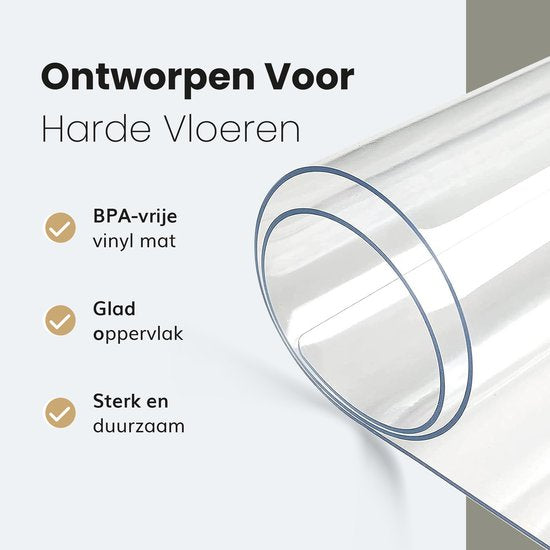 Vloerbeschermer bureaustoel mat – PVC – Geluiddempend – Voor harde vloeren – 120 x 90 cm – Transparant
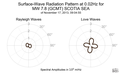 Surface-Wave Radiation Pattern at 0.02Hz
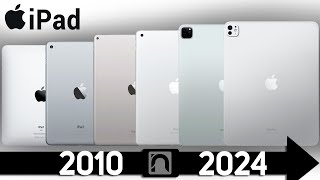 Apple iPad Evolution 2010-2024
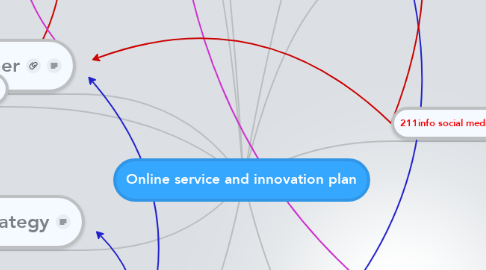 Mind Map: Online service and innovation plan
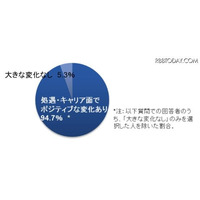 ビジネススクール卒業生の95％以上がプラス評価、平均26％の年収Up 画像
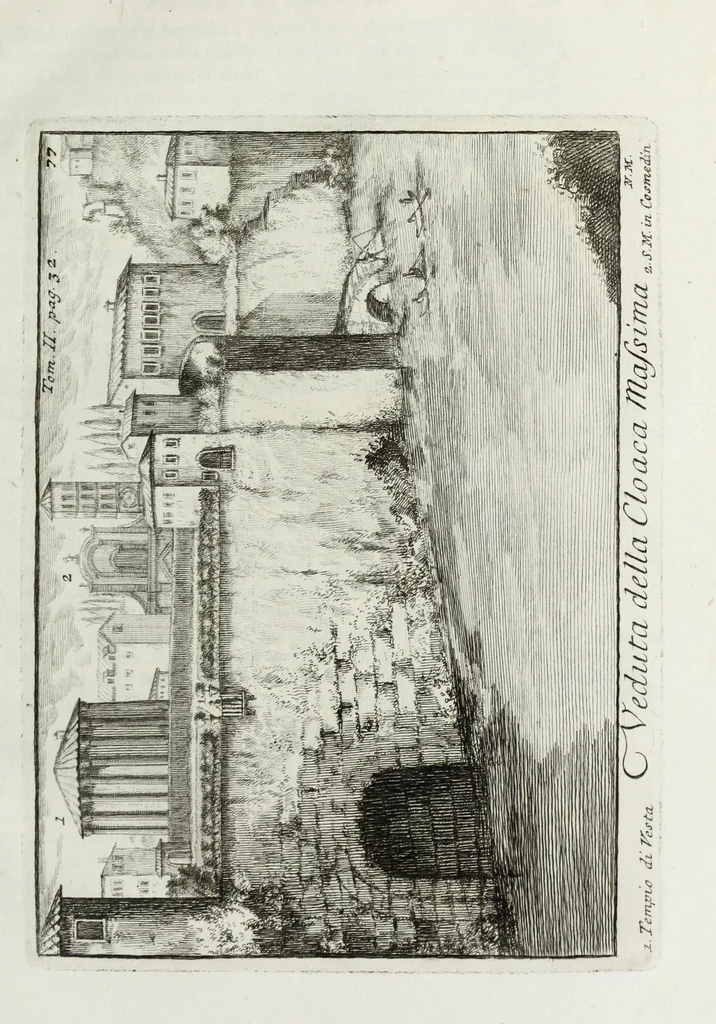 An illustration from Accurata e succinta descrizione topografica delle antichità di Roma, 1763, leaf 382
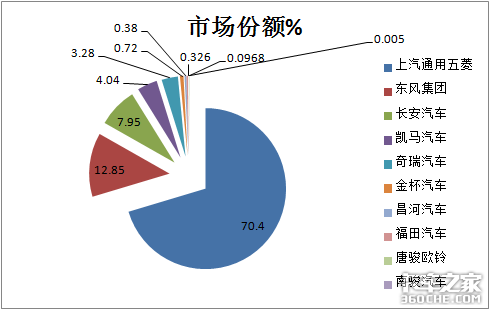 7连涨后首次下降，深度解析11月微卡市场，五菱又“开挂了”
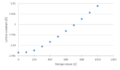 Thumbnail for version as of 09:47, 9 December 2016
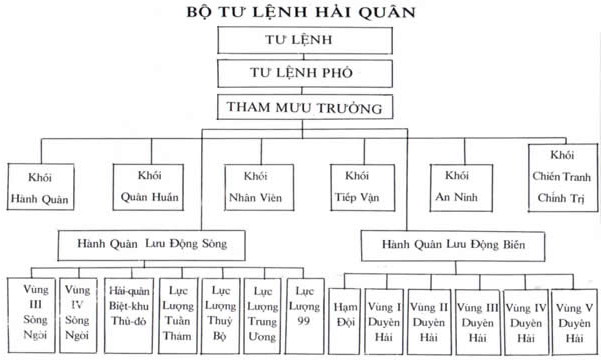 bộ tư lịnh hải quân việt nam cộng hòa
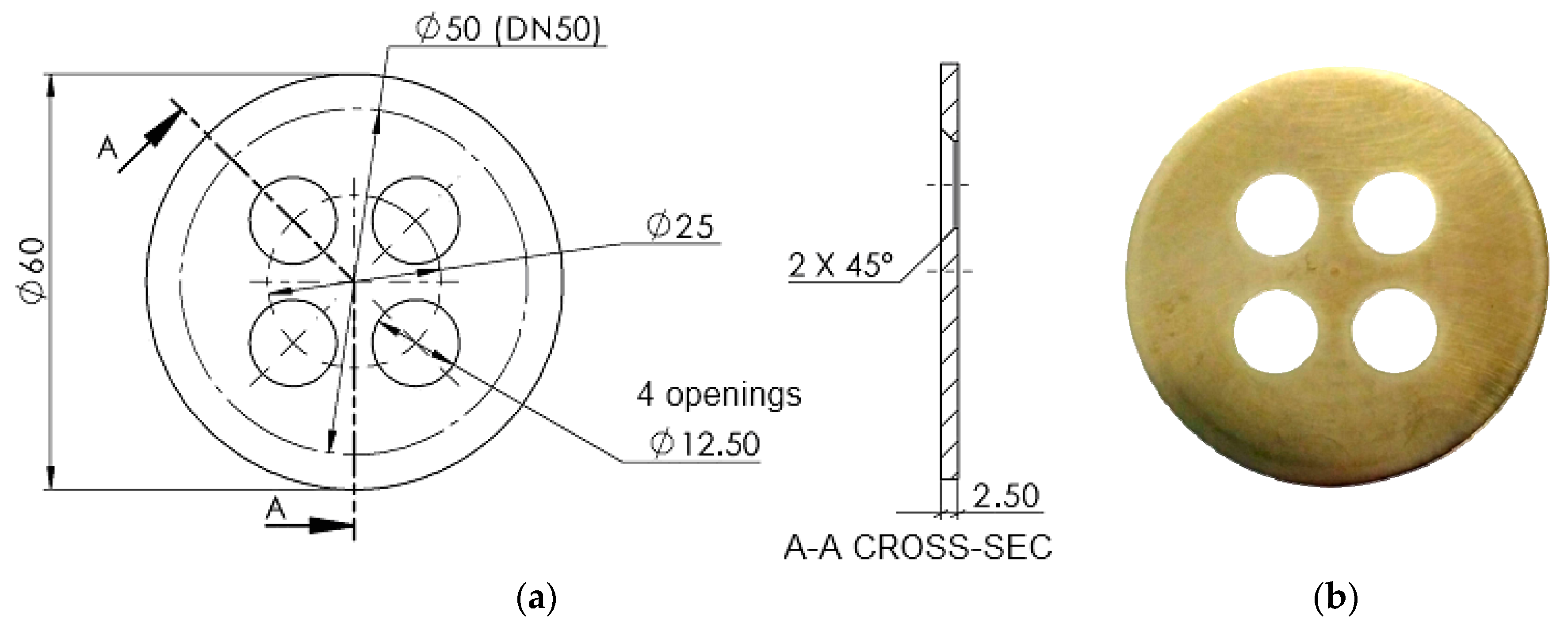 Applied Sciences Free Full Text Uncertainty Assessment For Determining The Discharge Coefficient C For A Multi Opening Orifice Html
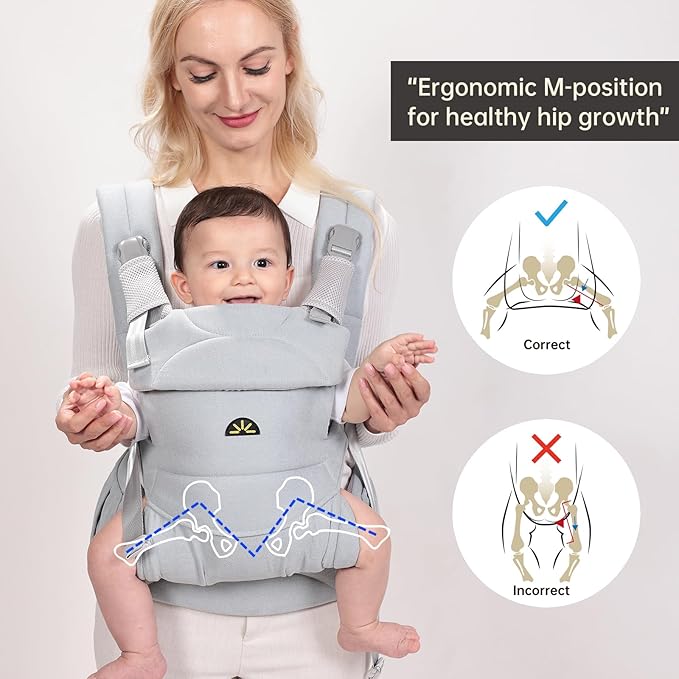 Baby Carrier for Newborns to Toddlers, Adjustable, Ultra-Soft and Weightless, Ergonomic Baby Carrier with Head Support, Baby Travel Gear, Baby Essentials (Blue)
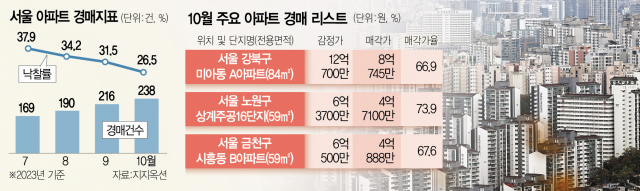 '이자 못버텨'…서울 아파트 경매 7년來 최다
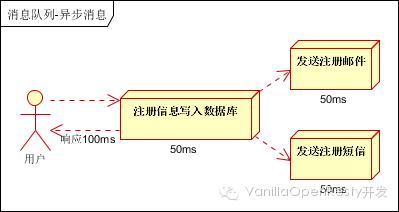 ❲起航2016❳大型网站架构之分布式消息队列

_EXERCISE PROMPT_
Exclude the pictures, then write out every record exactly as it stands.

_WRITTEN ANSWER_
 Vloerbeschermer bureaustoel mat – PVC – Geluiddempend – Voor harde vloeren – 120 x 90 cm – Transparant
 Surface-Wave Radiation Pattern at 0.02Hz
 Apple iPad Evolution 2010-2024
 Mind Map: Online service and innovation plan
 ビジネススクール卒業生の95％以上がプラス評価、平均26％の年収Up 画像
 An illustration from Accurata e succinta descrizione topografica delle antichità di Roma, 1763, leaf 382
 7连涨后首次下降，深度解析11月微卡市场，五菱又“开挂了”
 Thumbnail for version as of 09:47, 9 December 2016
 bộ tư lịnh hải quân việt nam cộng hòa
 Applied Sciences Free Full Text Uncertainty Assessment For Determining The Discharge Coefficient C For A Multi Opening Orifice Html
 Baby Carrier for Newborns to Toddlers, Adjustable, Ultra-Soft and Weightless, Ergonomic Baby Carrier with Head Support, Baby Travel Gear, Baby Essentials (Blue)
 '이자 못버텨'…서울 아파트 경매 7년來 최다
 ❲起航2016❳大型网站架构之分布式消息队列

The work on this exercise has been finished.